That’s the takeaway from the United Nations’ 2013 Human Development Index, which documents the rise of the Global South and the global middle class — both in terms of economic and non-economic factors such as education and life expectancy.
The latest report found that every nation — which has data available — has scored higher on the UN’s Human Development Index in 2012 than in 2000. The index uses data on everything from health, education, and income to develop a composite measurement of development.
And since 1990, more than 40 countries in the Global South have seen significant gains in their HDI score.
“The rise of the South is unprecedented in its speed and scale,” the report says. “Never in history have the living conditions and prospects of so many people changed so dramatically and so fast.”
“The South as a whole is driving global economic growth and societal change for the first time in centuries.”
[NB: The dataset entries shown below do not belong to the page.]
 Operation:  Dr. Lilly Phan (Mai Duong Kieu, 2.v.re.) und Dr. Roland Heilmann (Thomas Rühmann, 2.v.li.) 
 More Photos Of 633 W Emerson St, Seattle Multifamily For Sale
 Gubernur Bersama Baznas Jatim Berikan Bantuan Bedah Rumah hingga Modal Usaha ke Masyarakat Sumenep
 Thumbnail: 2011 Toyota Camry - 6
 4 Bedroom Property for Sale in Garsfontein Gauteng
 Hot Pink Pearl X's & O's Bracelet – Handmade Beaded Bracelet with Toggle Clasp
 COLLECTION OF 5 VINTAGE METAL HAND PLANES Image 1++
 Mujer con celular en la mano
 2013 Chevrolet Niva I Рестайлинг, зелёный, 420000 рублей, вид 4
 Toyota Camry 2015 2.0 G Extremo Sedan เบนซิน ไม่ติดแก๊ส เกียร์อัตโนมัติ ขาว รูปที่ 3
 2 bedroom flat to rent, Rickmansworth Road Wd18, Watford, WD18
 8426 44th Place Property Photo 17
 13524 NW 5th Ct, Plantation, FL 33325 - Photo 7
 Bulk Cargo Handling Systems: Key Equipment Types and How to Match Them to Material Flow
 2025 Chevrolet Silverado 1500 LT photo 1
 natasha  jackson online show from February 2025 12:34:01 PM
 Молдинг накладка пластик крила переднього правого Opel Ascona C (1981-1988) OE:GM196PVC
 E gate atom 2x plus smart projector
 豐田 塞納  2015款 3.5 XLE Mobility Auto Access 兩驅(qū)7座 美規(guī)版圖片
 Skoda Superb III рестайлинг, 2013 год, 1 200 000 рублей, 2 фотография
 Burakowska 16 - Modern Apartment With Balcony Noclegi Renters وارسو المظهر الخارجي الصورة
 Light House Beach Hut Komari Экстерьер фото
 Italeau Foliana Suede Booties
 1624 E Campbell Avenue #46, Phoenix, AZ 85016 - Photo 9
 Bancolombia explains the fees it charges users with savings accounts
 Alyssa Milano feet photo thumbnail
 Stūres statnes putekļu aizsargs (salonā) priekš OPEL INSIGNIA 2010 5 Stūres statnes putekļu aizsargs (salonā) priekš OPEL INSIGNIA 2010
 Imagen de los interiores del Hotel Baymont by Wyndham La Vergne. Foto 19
According to the report, these increased human development gains can be attributed to sustained investment in education, healthcare and social programs, and open engagement with other countries.
Here are some specific examples:
- By 2020, the report projects that China, India, and Brazil will have a larger economic output than the combined output of United States, Germany, United Kingdom, France, Italy and Canada.
- Worldwide, the number of people living in extreme poverty dropped from 43 percent in 1990 to 22 in 2008.
- World merchandise trade doubled in developing countries from 25 percent to 47 percent between 1980 and 2010.
Of course, as with the North, the South will have to find solutions to major global issues, such as an aging population, environmental pressures, social inequalities, in order to continue to make gains in human development.